現在のキングの売上は「キャンディークラッシュ」に支えられている。図1におけるキングとガンホーの売上をもう一度ご覧頂くと、両社とも4四半期ほど急激に成長を続けた後、売上増加のペースが鈍化していることがわかる。このように、特定のモバイルゲームが業績を急激に押し上げる期間はだいたい一年程度なのかもしれない。
今後、キングが成長を続けられるかどうかのポイントは大きく分けて3つであろう。1つ目は、図2に見られるアクティブユーザー数の伸びを維持できるかどうか、2つ目は、「キャンディークラッシュ」に続くヒットゲームを産み出せるか、そして3つ目は、今回調達した資金を活かしM&Aなどに踏み切れるか、である。
表1
(ガンホー決算説明書類を基にSBI証券作成)
表1は、2013年のiOS及びGoogle Playにおけるゲームの売上トップ10を並べたものだが、Supercell社、Kabam社のゲームがそれぞれ2本ランクインしている点にご注目頂きたい。またガンホーも、ここにランクインしたのは「パズル & ドラゴンズ」の一つのみだが、「ケリ姫スイーツ」、「ディバインゲート」などの作品の評価もかなり高いようである。

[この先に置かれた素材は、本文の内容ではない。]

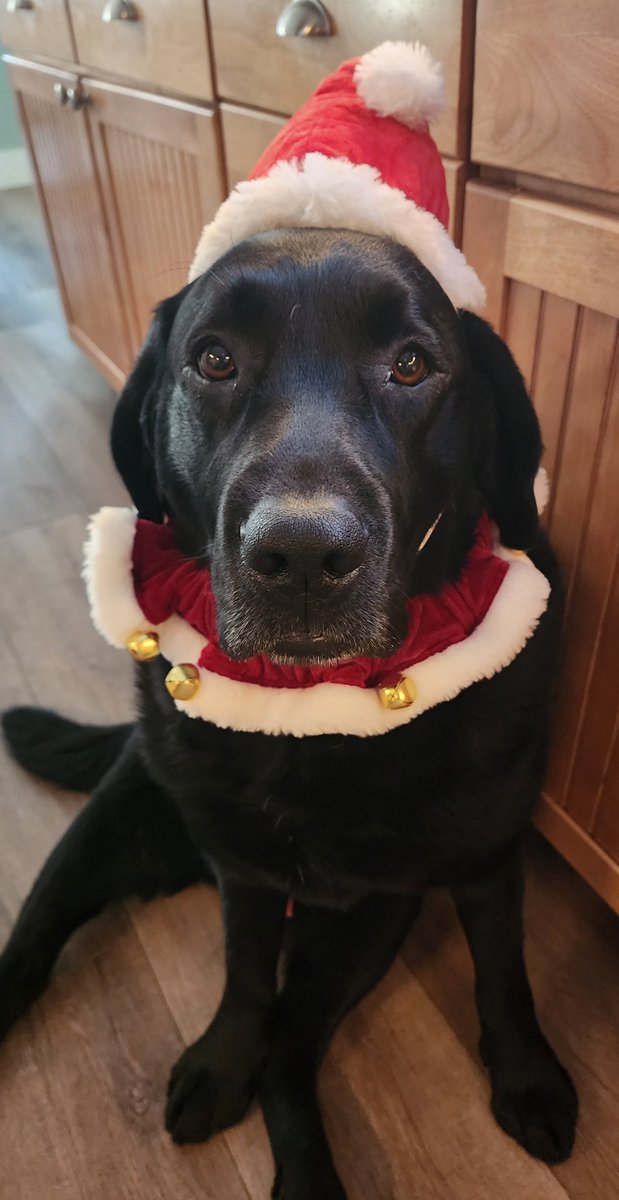 merry christmas! 🎄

要するに、力のあるゲーム会社は続けてヒットを産み出すことができるのだ。
表2はキングの代表的なゲームを並べたものだが、「キャンディークラッシュ」以外のゲームでも多くのユーザーを抱えていることがわかる。特に「ペット レスキュー サガ」は昨年のリリース以降約半年でここまでユーザー数を増やしており、今後も成長がおおいに期待できるタイトルだと言えるだろう。
表2
(13年12月時点の数字、上場申請書類を基にSBI証券作成)
最後に株価についてだが、IPO仮条件の21-24ドルの上限24ドルを適用した場合、キングの時価総額は75億ドル強になる。表3では大手ゲーム会社を比較しているが、時価総額やバリュエーション面などは、かなりガンホーに似た値付けになりそうだ。ただし、ここで示したキングの予想PER、予想PSRは昨年10‐12月期の数字をベースに算出したものである(キング以外の7社は今年度のアナリスト予想がベース)。従って、今後更なる成長を予想される投資家にとっては、十分に魅力的な価格に映るのではないだろうか。
表3
銘柄 |
コード |
時価総額 |
売上高 |
バリュエーション |
||||
---|---|---|---|---|---|---|---|---|
2013年 |
2012年 |
予想PER |
予想PSR |
|||||
キング デジタル エンターテイメント |
KING |
7,558 |
1,884 |
164 |
11.8 |
3.1 |
||
3765 |
6,811 |
1,666 |
322 |
11.8 |
4.1 |
|||
EA |
9,164 |
3,661 |
3,956 |
22.0 |
1.6 |
|||
ATVI |
14,960 |
4,583 |
4,856 |
15.5 |
2.5 |
|||
ZNGA |
4,788 |
873 |
1,281 |
681.4 |
1.5 |
|||
3632 |
2,420 |
1,469 |
2,051 |
13.3 |
1.6 |
|||
2432 |
2,947 |
1,993 |
2,419 |
9.4 |
3.3 |
|||
9684 |
2,347 |
1,533 |
1,664 |
34.1 |
1.5 |
(3/17時点。Bloombergデータ、上場申請書類を基にSBI証券作成)
(予想データはBloombergコンセンサス、キングのみ昨年10-12月期の数字を使用)
- ※上記実績は過去のものであり、将来の運用成果等を保証するものではありません。
- ※本ページでご紹介する個別銘柄及び各情報は、投資の勧誘や個別銘柄の売買を推奨するものではありません。